The other students who presented papers include:

  • Aaron Gidding, who presented on “The Social and Political Organization of Early Bronze Age Southern Jordan: Preliminary Perspectives from Khirbat Hamra Ifdan.” The cyber-infrastructure program ArchaeoSTOR and its geo-spatial database, developed in collaboration with Tom DeFanti ‘s research group at the Qualcomm Institute, was highlighted as a research tool for identifying spatial patterning of 8 tons of pottery excavated from the site.
  • Philip Graham (University of Connecticut, Storrs) and Levy, who presented on “Agriculture in the Desert? Preliminary Archaeobotanical Evidence from Chalcolithic Shiqmim, Nahal Beersheva Valley, Israel.” This research was based on data collected from Levy’s excavations in Israel in the early 1990s.
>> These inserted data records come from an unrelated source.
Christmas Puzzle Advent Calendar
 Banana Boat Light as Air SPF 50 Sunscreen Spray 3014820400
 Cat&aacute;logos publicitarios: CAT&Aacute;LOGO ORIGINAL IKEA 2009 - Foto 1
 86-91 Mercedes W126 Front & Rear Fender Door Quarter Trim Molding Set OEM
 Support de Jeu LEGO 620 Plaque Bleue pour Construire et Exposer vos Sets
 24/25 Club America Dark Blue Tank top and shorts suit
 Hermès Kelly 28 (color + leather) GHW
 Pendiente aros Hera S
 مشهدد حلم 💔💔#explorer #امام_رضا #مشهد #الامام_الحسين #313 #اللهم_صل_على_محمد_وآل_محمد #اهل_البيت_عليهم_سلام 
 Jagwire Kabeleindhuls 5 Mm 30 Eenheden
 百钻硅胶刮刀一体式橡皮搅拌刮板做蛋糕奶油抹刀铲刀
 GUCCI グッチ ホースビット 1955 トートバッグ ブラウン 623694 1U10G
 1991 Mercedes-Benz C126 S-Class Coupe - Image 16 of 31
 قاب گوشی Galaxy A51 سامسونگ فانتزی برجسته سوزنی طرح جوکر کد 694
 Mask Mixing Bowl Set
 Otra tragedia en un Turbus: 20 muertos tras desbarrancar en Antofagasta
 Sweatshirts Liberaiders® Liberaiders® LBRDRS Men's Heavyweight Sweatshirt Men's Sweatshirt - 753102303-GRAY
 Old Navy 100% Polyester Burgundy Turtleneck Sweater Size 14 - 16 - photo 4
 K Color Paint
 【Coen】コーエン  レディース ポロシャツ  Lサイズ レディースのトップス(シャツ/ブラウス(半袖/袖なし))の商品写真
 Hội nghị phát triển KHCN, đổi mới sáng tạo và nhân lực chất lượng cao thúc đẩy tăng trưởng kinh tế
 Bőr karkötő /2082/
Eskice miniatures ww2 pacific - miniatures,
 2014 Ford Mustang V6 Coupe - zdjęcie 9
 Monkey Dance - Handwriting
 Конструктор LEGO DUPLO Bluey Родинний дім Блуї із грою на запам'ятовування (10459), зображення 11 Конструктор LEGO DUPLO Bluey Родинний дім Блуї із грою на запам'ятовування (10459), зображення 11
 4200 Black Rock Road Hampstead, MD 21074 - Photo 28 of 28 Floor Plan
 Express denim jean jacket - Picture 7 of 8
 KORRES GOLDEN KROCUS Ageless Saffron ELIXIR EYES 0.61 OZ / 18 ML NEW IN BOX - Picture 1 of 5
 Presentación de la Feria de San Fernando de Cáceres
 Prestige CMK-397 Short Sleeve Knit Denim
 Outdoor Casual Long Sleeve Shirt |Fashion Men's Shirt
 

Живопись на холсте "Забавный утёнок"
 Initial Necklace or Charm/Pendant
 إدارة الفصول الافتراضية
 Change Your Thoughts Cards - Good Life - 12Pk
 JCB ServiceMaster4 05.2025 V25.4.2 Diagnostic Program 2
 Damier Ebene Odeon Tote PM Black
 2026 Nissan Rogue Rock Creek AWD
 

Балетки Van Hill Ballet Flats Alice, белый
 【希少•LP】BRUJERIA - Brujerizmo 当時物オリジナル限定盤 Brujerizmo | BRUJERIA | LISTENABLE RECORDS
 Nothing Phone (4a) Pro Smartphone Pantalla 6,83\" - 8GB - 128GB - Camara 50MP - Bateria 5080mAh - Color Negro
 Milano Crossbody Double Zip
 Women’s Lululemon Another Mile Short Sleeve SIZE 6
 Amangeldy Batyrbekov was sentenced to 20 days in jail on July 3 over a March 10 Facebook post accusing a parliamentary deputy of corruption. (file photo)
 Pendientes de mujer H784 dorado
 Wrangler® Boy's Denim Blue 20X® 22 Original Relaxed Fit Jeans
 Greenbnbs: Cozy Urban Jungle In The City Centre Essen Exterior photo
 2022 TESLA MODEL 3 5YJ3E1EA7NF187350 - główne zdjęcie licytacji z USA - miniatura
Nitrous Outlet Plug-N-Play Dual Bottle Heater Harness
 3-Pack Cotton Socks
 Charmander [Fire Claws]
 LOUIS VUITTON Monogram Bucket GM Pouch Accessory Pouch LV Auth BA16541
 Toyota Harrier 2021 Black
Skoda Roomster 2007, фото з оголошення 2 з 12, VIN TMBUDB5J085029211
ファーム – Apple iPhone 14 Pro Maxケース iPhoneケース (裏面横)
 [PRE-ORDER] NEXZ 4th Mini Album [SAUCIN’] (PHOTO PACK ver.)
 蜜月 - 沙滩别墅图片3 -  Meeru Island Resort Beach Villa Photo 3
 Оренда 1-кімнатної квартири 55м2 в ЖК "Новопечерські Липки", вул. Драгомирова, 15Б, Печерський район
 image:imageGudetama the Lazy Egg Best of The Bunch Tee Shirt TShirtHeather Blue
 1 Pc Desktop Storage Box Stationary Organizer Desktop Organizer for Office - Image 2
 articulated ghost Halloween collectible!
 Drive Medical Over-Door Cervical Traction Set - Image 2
  • Matthew Vincent, who delivered a paper concerning “The 2012 Season at Khirbat al-Balu’a: Report on the Completion of the GPS Mapping Project and Continued Excavation.” One of the largest and most important sites from Biblical Moab, this is the first systematic survey of the site that will serve as the foundation for identifying its ancient social and economic organization.
  • Kathleen Bennallack, who gave an overview of the lab’s recent excavations of a unique 8th – 6th millennium BCE site titled, “Preliminary Excavation at Wadi Fidan 61: A Multi-0period Neolithic Site in Faynan, Southern Jordan.”
  • Ian W. N. Jones, who has been working on the latest period of mining and metallurgy in the Faynan copper ore resource zone and presented on "Life in a Mining Village: Insights from Domestic and Public Buildings at Middle Islamic Khirbat Nuqayb al-Asaymir, Faynan, Jordan."
  • Kyle A. Knabb, who presented a paper concerning his survey in a difficult to penetrate desert area. The paper was titled: “The Spices Must Flow: An Intensive Survey of the Buweirda Springs, an Oasis and Dunefield in the North Arabah Valley” and it focused on the role of the springs for the spice trade in late Antiquity.

The Levantine and Cyber-Archaeology Lab was also well represented in the Projects on Parade Poster session by Matthew Howland (who presented a poster titled, “DEM and Orthophoto Production through Balloon Photography and Structure from Motion”); and Matthew Vincent (“Digital Ecosystems Integrating Field Collection and Lab Management: Using web-services for the integration of disparate datasets.”